Problem to solve ▸ Where the line with "Hassell hits 1st" appears below, start writing out lines exactly, and finish with the line with "This peppermint layered", which is included; write out nothing else.

Data records ▸
....
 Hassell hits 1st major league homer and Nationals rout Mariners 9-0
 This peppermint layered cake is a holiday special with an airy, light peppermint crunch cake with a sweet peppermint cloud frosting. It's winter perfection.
....
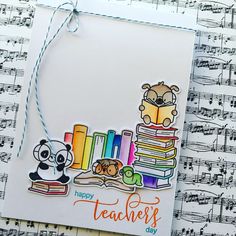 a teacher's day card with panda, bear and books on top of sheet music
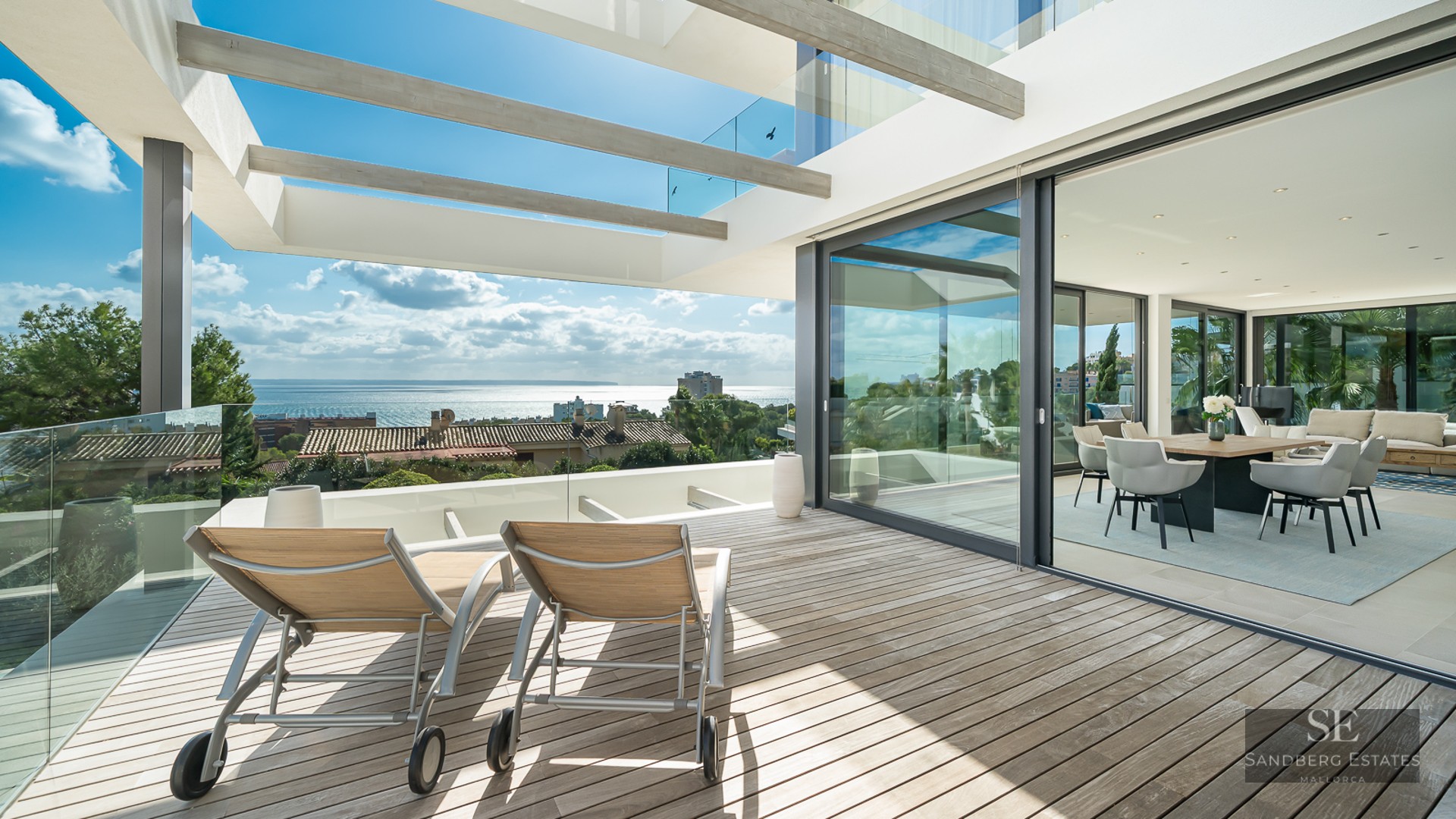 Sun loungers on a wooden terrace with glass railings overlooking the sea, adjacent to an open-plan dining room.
....
Response box ▸
 Hassell hits 1st major league homer and Nationals rout Mariners 9-0
 This peppermint layered cake is a holiday special with an airy, light peppermint crunch cake with a sweet peppermint cloud frosting. It's winter perfection.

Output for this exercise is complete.